Records shown:
------------------------------------------------

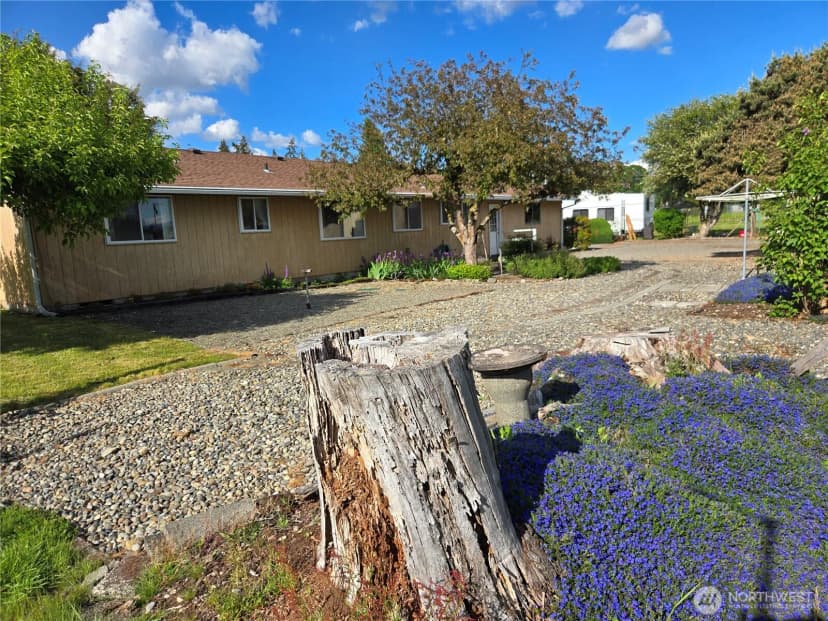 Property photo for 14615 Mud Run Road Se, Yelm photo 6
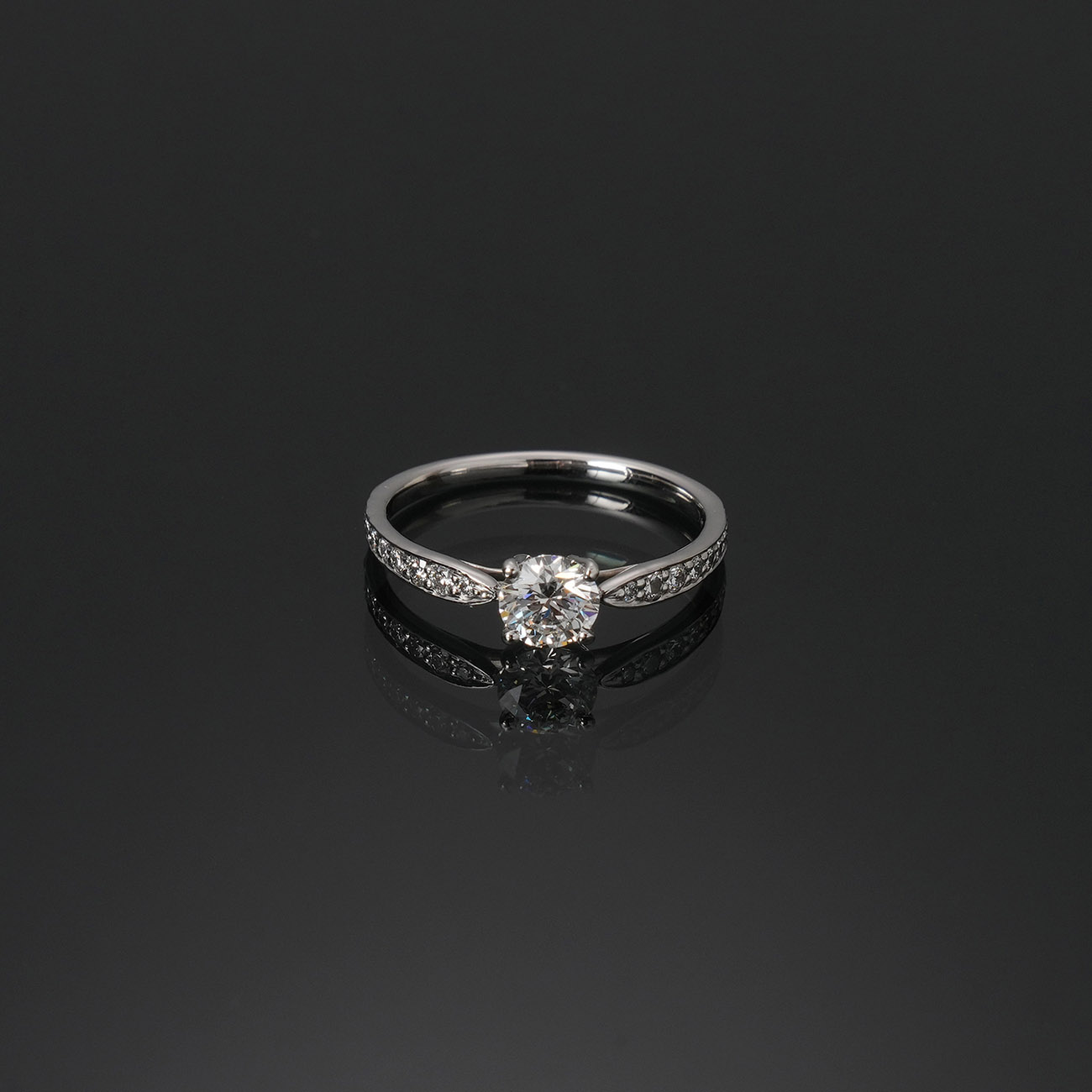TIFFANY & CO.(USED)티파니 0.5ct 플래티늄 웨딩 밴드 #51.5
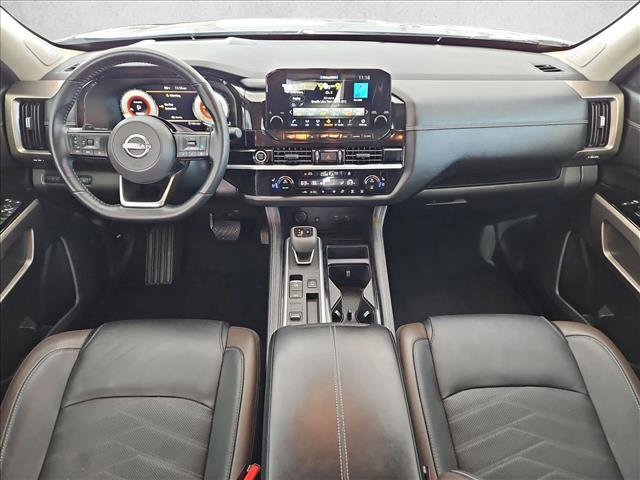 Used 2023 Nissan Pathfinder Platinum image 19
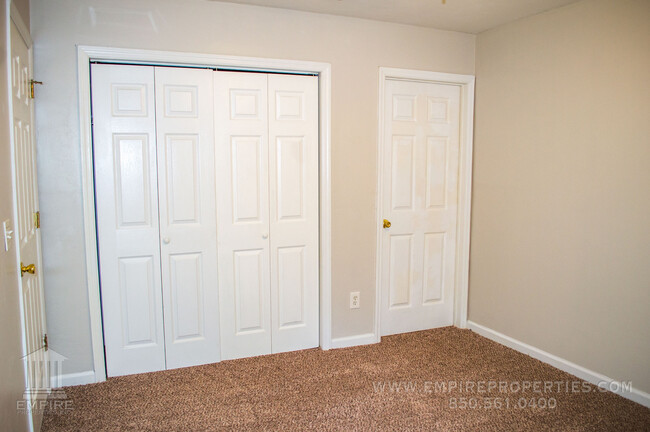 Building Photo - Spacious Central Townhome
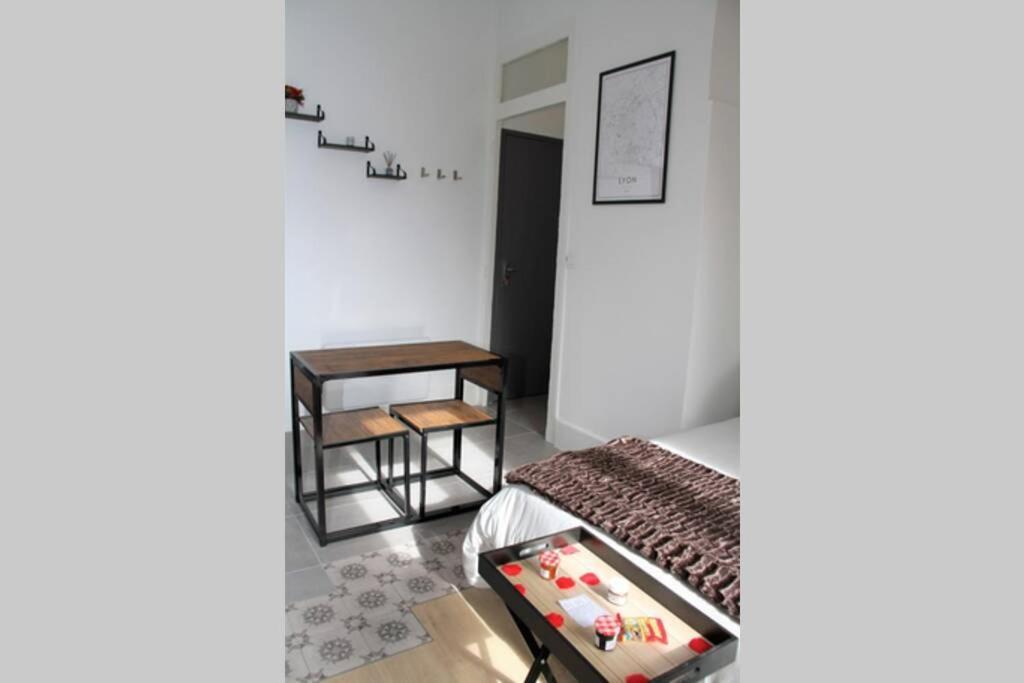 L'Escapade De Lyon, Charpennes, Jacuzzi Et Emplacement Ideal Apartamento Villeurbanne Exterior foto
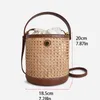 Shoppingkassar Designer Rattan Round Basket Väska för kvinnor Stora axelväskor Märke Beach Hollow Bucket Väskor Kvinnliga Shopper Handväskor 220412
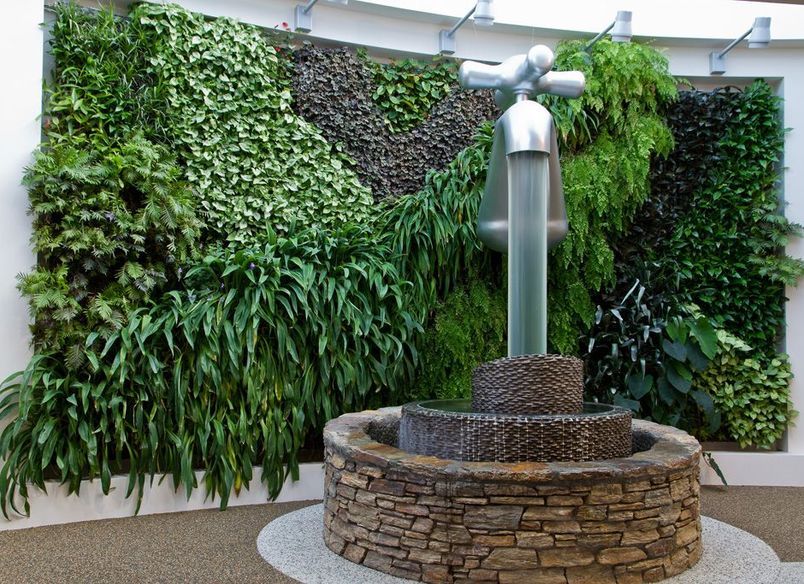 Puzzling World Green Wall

------------------------------------------------

Please write out the entire listing above exactly, but leave the pictures out.

Output below:
 Property photo for 14615 Mud Run Road Se, Yelm photo 6
TIFFANY & CO.(USED)티파니 0.5ct 플래티늄 웨딩 밴드 #51.5
 Used 2023 Nissan Pathfinder Platinum image 19
 Building Photo - Spacious Central Townhome
 L'Escapade De Lyon, Charpennes, Jacuzzi Et Emplacement Ideal Apartamento Villeurbanne Exterior foto
 Shoppingkassar Designer Rattan Round Basket Väska för kvinnor Stora axelväskor Märke Beach Hollow Bucket Väskor Kvinnliga Shopper Handväskor 220412
 Puzzling World Green Wall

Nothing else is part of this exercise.